Andronick: The exact same approach won’t scale to systems comprising a million lines of code such as modern operating systems. But, we have a plan for large complex systems.
The first thing to note is that formal verification is not cheap. We spent signiﬁcant eﬀort on the veriﬁcation of about 10,000 lines of code. It still appears cost-eﬀective and more aﬀordable than other methods that achieve lower degrees of trustworthiness.
The main message is that such thorough methods really make sense in critical systems (medical, automotive, defense, etc).
Our approach for large critical systems comes from the observation that in such systems, not all of the code is critical. For example, medical devices have large user interfaces and airplanes have entertainment software (Prof. Heiser wrote a relevant blog illustrating the need for a verified kernel using in-flight entertainment systems as an example).
The key idea of our current work is to isolate the non-critical parts from the critical ones. This is done by using seL4 and its access control. This enables us to prove that a bug in the non-critical parts cannot prevent the critical parts from behaving correctly. This way we can concentrate the verification effort on the critical parts of the system.
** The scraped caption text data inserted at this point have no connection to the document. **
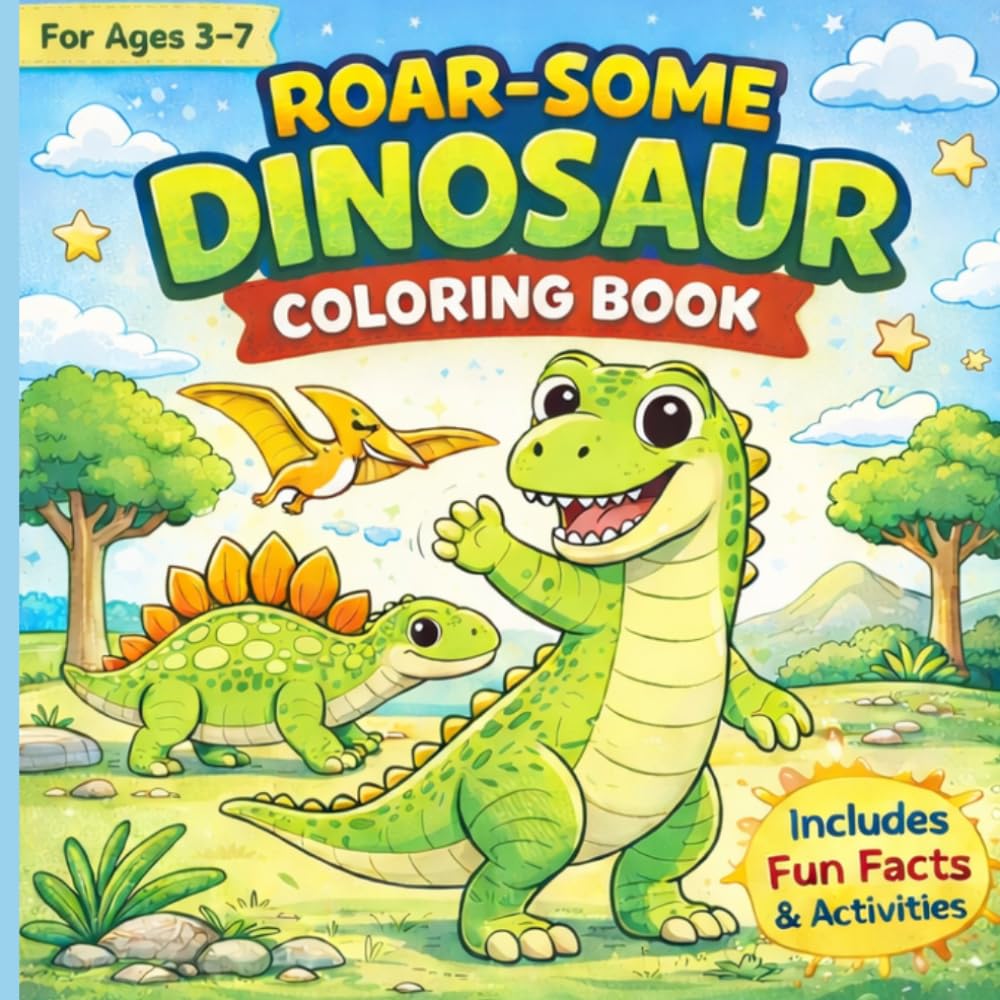 Roar-some Dinosaur Colouring Book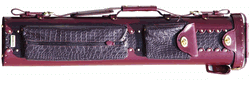 Sterling Burgundy Pro Pool Cue Case fo r 3 Butts, 5 Shafts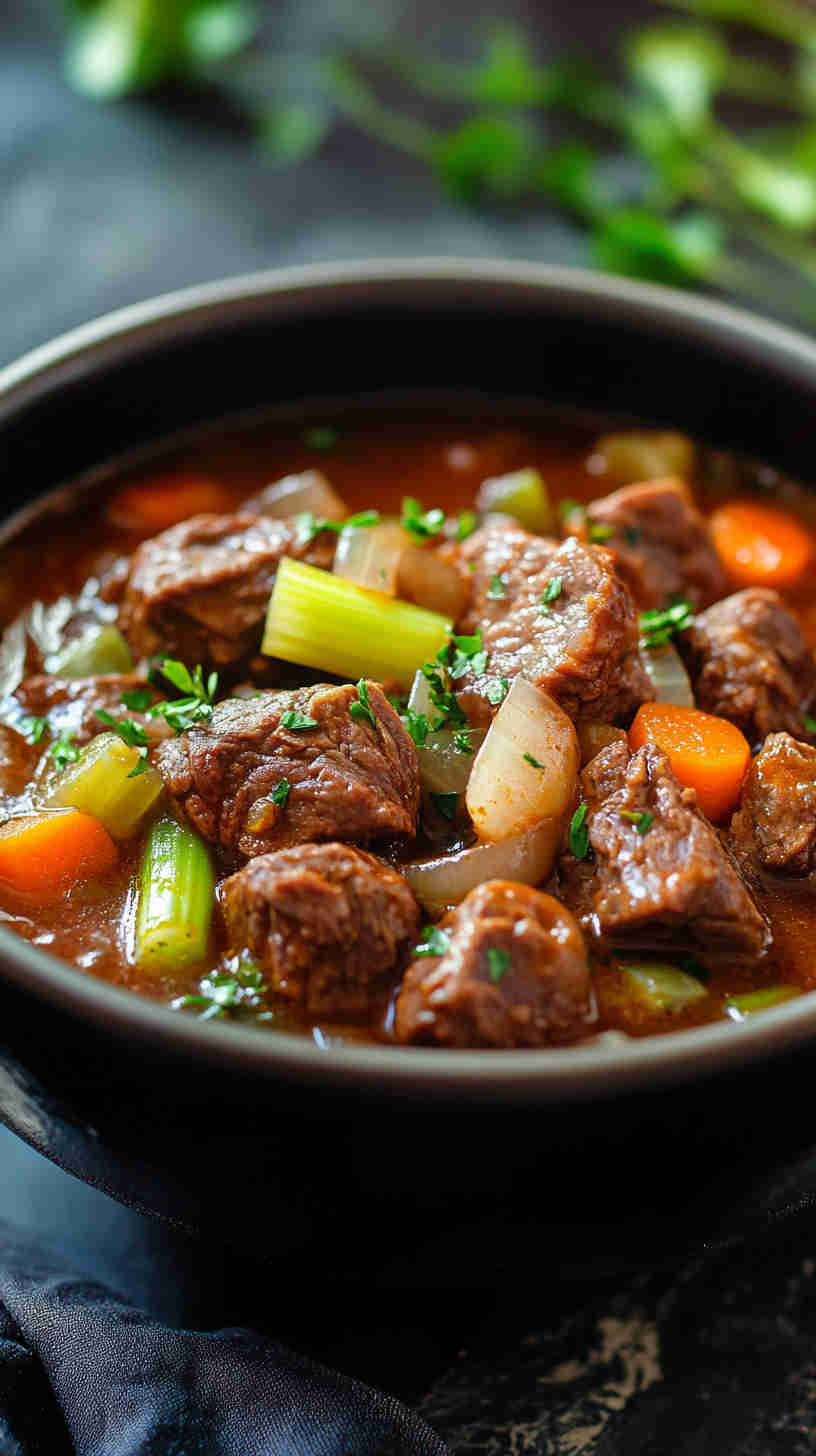 Slow Cooker Beef Stew Soup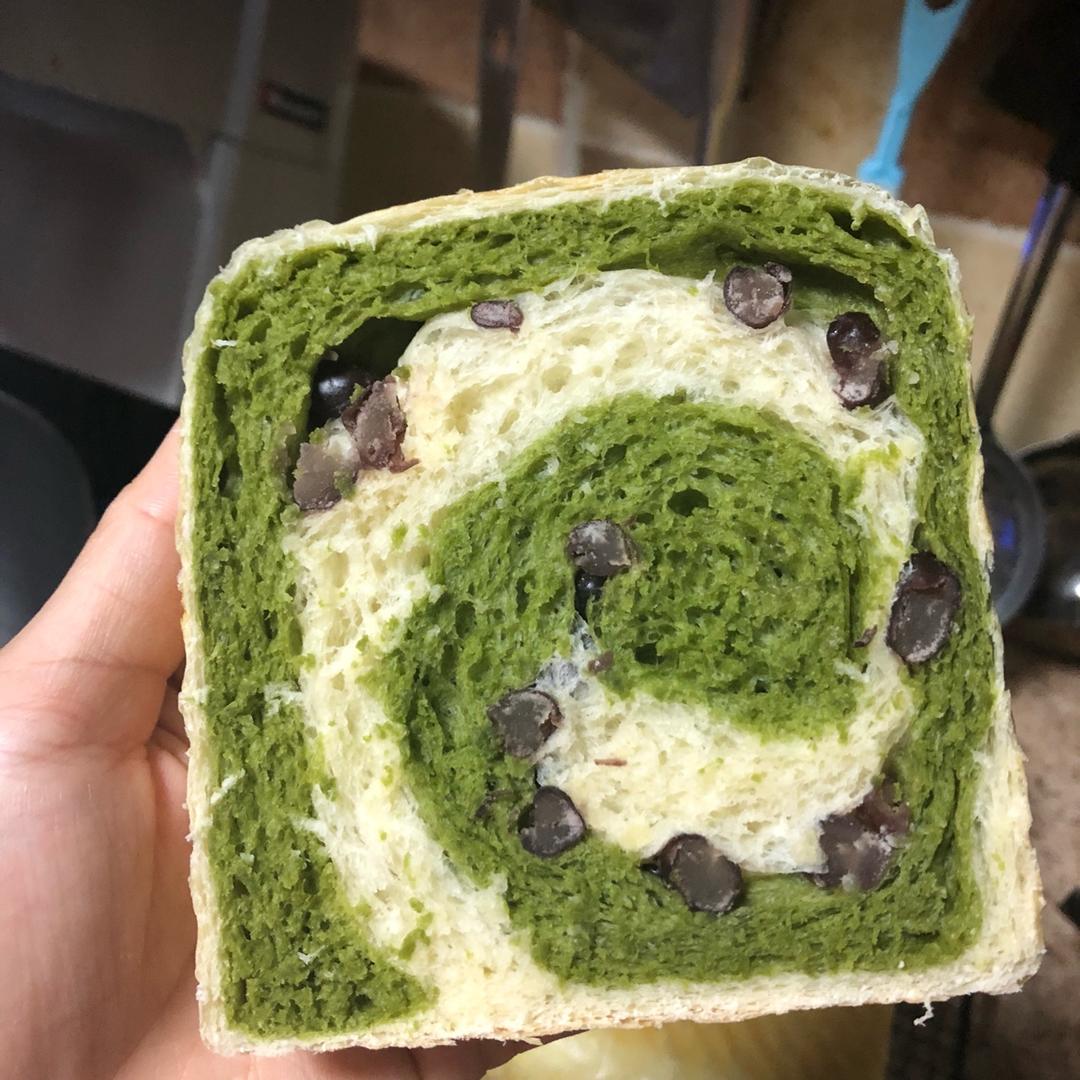 抹茶蜜豆吐司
In other words, we show that formal verification of functional correctness is practically achievable for OS microkernels, and we’re now working on using this trustworthy foundation to give strong guarantees about large critical systems.
Kassner: Funny you should mention entertainment software for airlines. While on a recent red-eye to Amsterdam, the cabin attendants were running up and down the aisles, apologizing. The entertainment system was down. “It should be up soon.” They said, “The captain is rebooting a computer.”
My burning question: “What else does that computer control?” I was assured that everything was under control.